*The task*. Your task is to repeat exactly the lines below between the line holding "ＡＮＤＪ（アンドジェイ）の「" and the line holding "100W LED linijinis", inclusive, and only those.

----

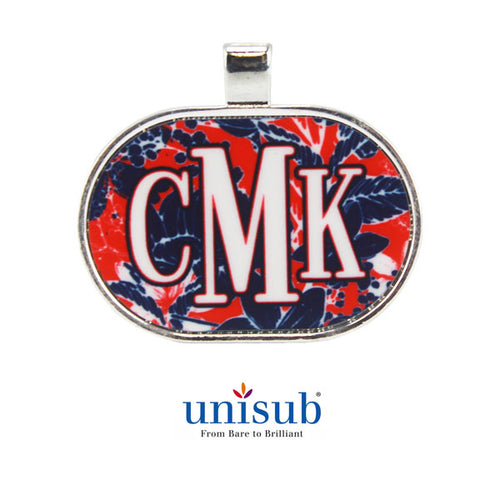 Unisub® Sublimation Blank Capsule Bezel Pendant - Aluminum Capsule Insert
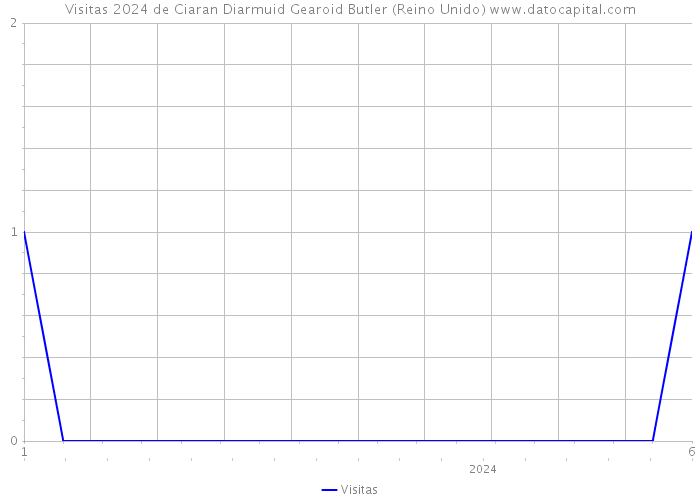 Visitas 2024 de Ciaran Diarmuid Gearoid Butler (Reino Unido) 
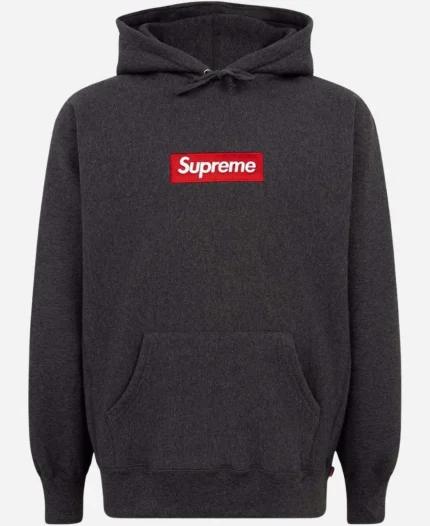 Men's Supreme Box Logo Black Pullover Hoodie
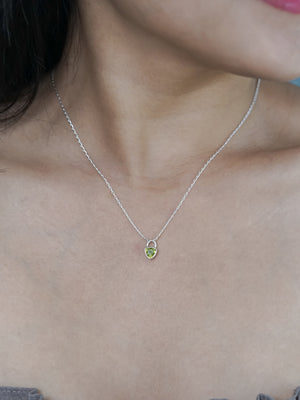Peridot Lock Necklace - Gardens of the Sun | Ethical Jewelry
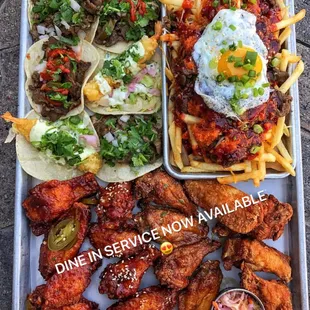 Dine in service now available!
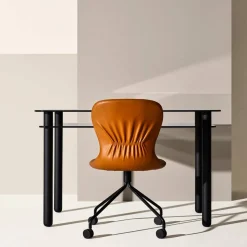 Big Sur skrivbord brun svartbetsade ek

----

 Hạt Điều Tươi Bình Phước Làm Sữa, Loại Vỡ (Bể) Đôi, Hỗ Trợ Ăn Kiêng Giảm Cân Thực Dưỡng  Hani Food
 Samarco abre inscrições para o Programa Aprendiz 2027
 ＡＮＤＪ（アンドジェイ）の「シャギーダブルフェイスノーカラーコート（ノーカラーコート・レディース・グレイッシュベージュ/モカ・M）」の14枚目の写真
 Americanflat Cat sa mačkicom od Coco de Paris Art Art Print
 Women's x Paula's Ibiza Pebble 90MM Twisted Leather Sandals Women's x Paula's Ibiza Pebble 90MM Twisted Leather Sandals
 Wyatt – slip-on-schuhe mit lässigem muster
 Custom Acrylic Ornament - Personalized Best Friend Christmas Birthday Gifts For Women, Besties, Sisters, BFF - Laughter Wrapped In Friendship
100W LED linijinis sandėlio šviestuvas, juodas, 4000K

----

*Expected output*.
 ＡＮＤＪ（アンドジェイ）の「シャギーダブルフェイスノーカラーコート（ノーカラーコート・レディース・グレイッシュベージュ/モカ・M）」の14枚目の写真
 Americanflat Cat sa mačkicom od Coco de Paris Art Art Print
 Women's x Paula's Ibiza Pebble 90MM Twisted Leather Sandals Women's x Paula's Ibiza Pebble 90MM Twisted Leather Sandals
 Wyatt – slip-on-schuhe mit lässigem muster
 Custom Acrylic Ornament - Personalized Best Friend Christmas Birthday Gifts For Women, Besties, Sisters, BFF - Laughter Wrapped In Friendship
100W LED linijinis sandėlio šviestuvas, juodas, 4000K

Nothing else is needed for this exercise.